_Work item:_ Please give an exact printout of the records, without any pictures.

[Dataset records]

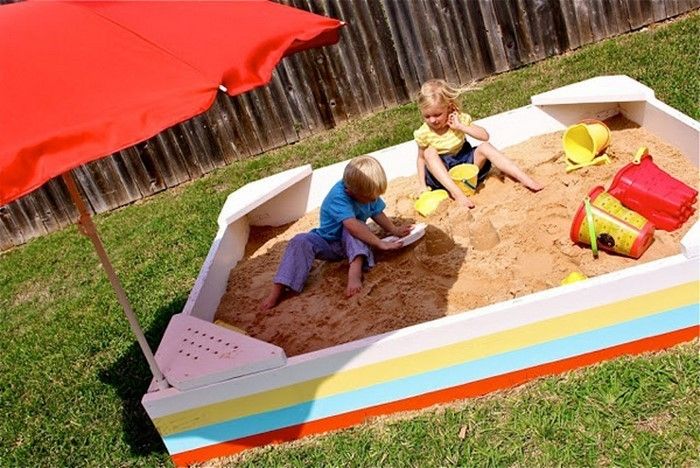 sandbox-lastno-build-Lucky-otrok v peskovniku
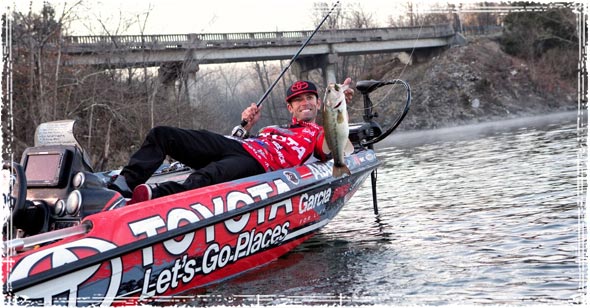 Mike Iaconelli Casting Spinning Tackle at Shoreline Cover Fishing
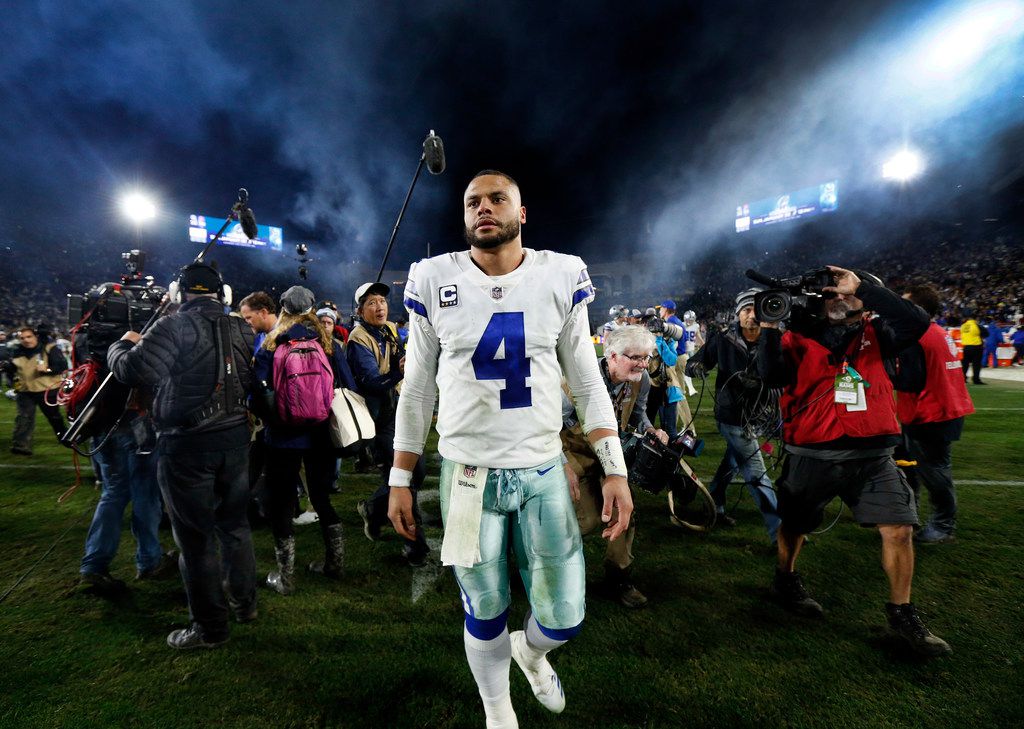 Dallas Cowboys Dak Prescott almost screws up coin toss vs. Rams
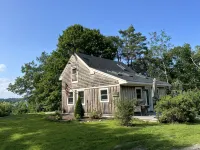 Waterfront cottage with deep water dock, ocean front. - 4-Star
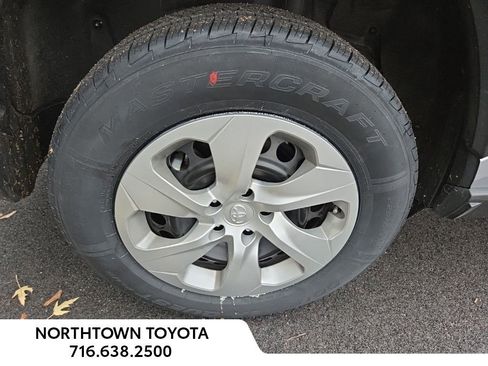 Used 2022 Toyota RAV4 LE image 5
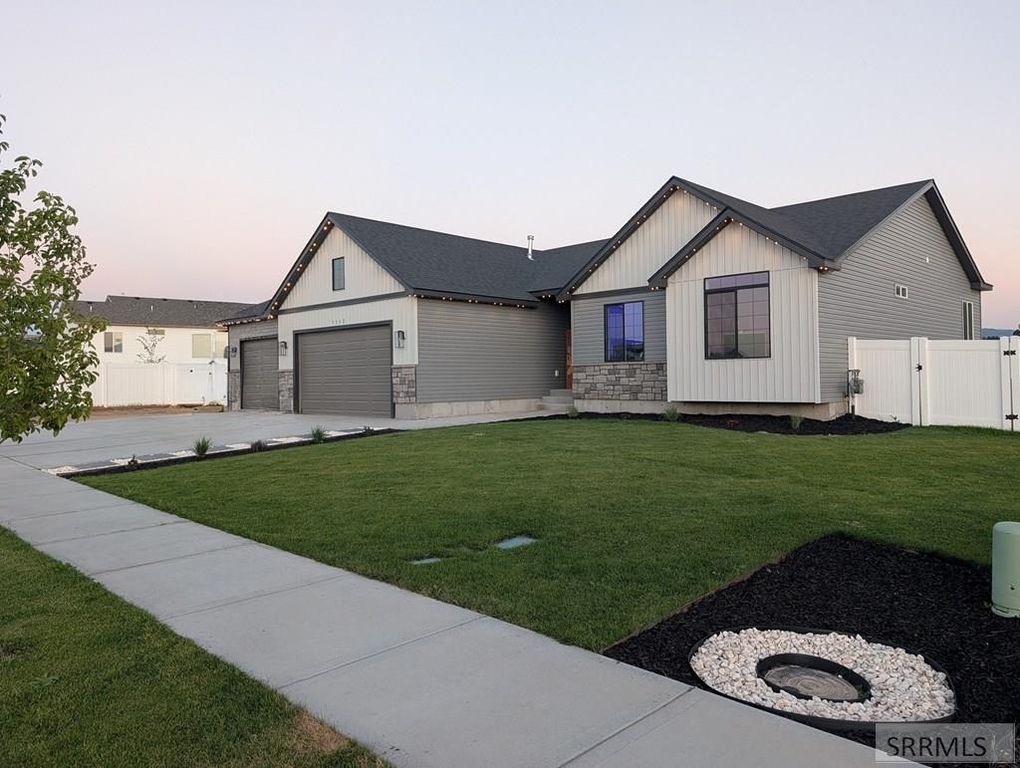 Image 10 of property listing at 3842 Hidden Valley Drive, Ammon, ID 83406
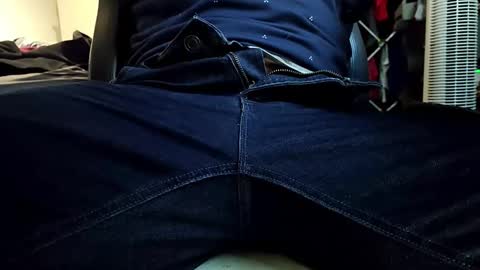 dennis210586 online show from January 12, 6:59 pm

_Result for this task:_
 sandbox-lastno-build-Lucky-otrok v peskovniku
 Mike Iaconelli Casting Spinning Tackle at Shoreline Cover Fishing
 Dallas Cowboys Dak Prescott almost screws up coin toss vs. Rams
 Waterfront cottage with deep water dock, ocean front. - 4-Star
 Used 2022 Toyota RAV4 LE image 5
 Image 10 of property listing at 3842 Hidden Valley Drive, Ammon, ID 83406
 dennis210586 online show from January 12, 6:59 pm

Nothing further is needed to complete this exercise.